Après l’obtention d’une licence ès Lettres à Genève et d’un diplôme de l’École pratique des Hautes Études à Paris, Charles Maystre fut attaché à l’Institut français d’archéologie orientale au Caire (1933-1940 et 1945-1947) où il prit part aux travaux de Deir el-Médineh et de Tôd. Le doctorat qu’il soutint en Sorbonne (1948) lui valut le Prix L. Chalumeau. Professeur ordinaire grâce à la création d’une chaire complète en 1962, il fut aussi chargé des collections égyptiennes du Musée d’art et d’histoire. Il dirigea en Nubie les missions de Tabo (1965-75) et d’Akasha entre 1966 et 1972, et engagea une fouille de sauvetage sur le site de Kerma (1972-1975).

Consulter: M. Valloggia, "Charles Maystre (1907-1993)", BSEG 17 (1993), pp. 5-7. M. Valloggia, "Charles Maystre (1907-1993)", RdE 45 (1994), pp. 3-5. M. Valloggia, "Bibliographie de Charles Maystre", RdE 45 (1994), pp. 6-9. M. Valloggia, "L'égyptologie à Genève: l'itinéraire des pionniers", in: Voyages en Égypte de l'Antiquité au début du XXe siècle. Catalogue d'exposition, 16 avril - 31 août 2003, Genève, pp. 227-228.

Robert Hari (1922-1988)

Robert Hari obtint une licence ès Lettres à l'Université de Genève, puis enseigna durant plusieurs années dans les collèges genevois. Après avoir soutenu sa thèse de doctorat, il dirige le Cycle d'Orientation. En 1977, il succéda à Charles Maystre, reprenant la chaire d'égyptologie. Trois ans plus tard, il créa la Société d'Égyptologie, Genève. Il publia alors la tombe de Neferhotep (TT50), avant de devenir professeur honoraire en 1987.
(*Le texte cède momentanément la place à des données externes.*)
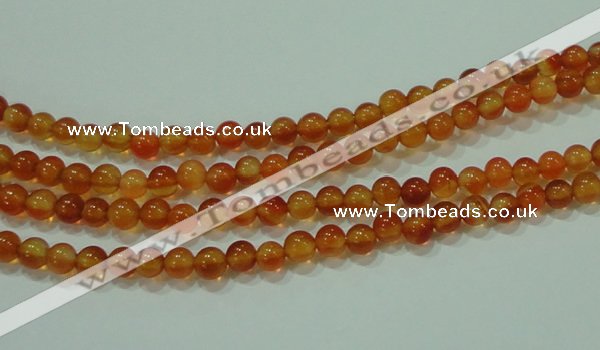 CTG78 15.5 inches 3mm round tiny red agate beads wholesale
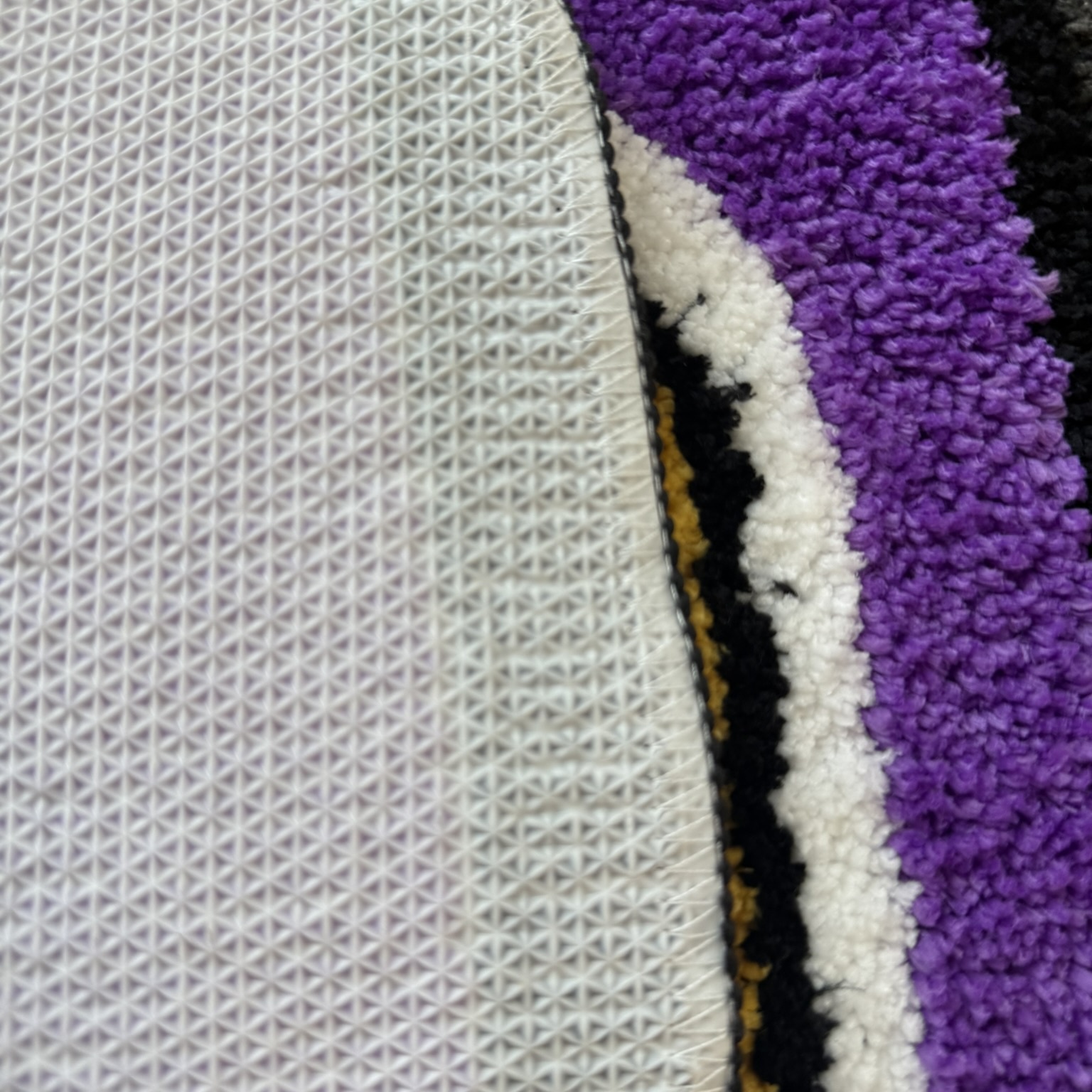 Purple Lighter Shaped Tufted Rug Set, "RUG" Letter & Heart Flame Design Plush Floor Mat, Anti-Slip Irregular Carpet for Street Style Bedroom & Dorm Decor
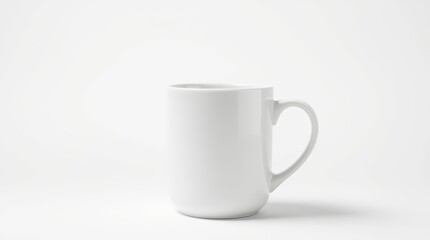 Obraz premium c Steaming White Mug Illustration 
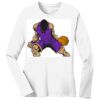 1-DAY RUSH NO MINIMUM Ladies Long Sleeve Crew Neck T-Shirt Thumbnail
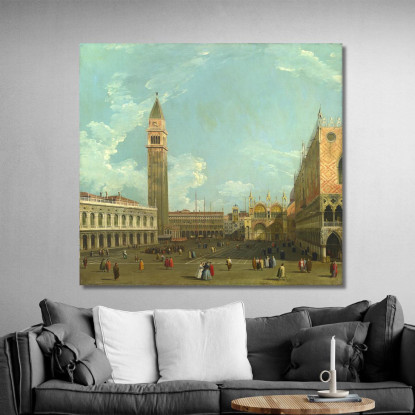 Studio Della Piazzetta Del Molo Canaletto cnl43 quadro stampato su tela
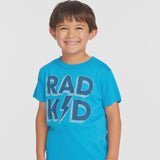 Chaser - Rad Kid Tee - Blue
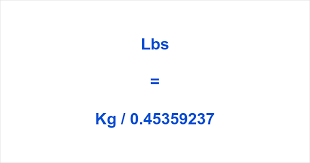 We assume you are converting between kilogram and pound. Lbs To Kg Pounds To Kilogram Conversion Formula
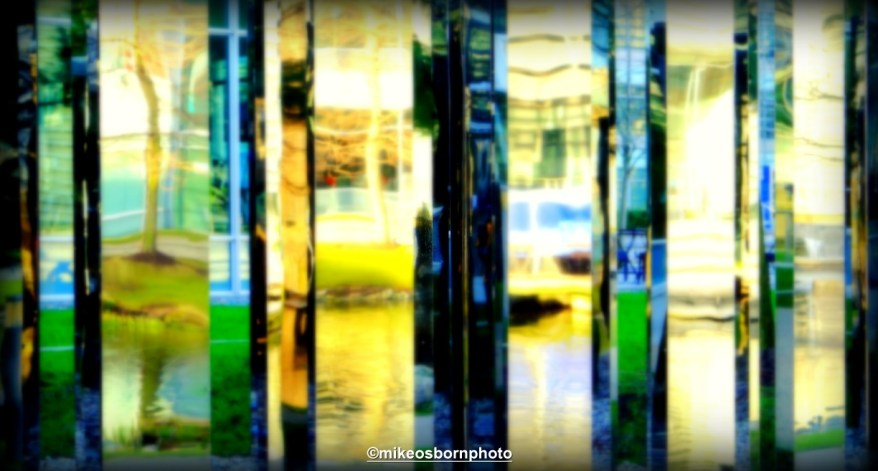 Reflected refraction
Consulter: "Robert Hari (1922-1988)", BSÉG 12 (1988), pp. 5-7. "Bibliographie de Robert Hari", BSÉG 13 (1989), pp. 5-7. Ph. Germond, "Robert Hari (1922-1988): De la pédagogie à l'égyptologie", in: Voyages en Égypte de l'Antiquité au début du XXe siècle. Catalogue d'exposition, 16 avril - 31 août 2003, Genève, pp. 229-231.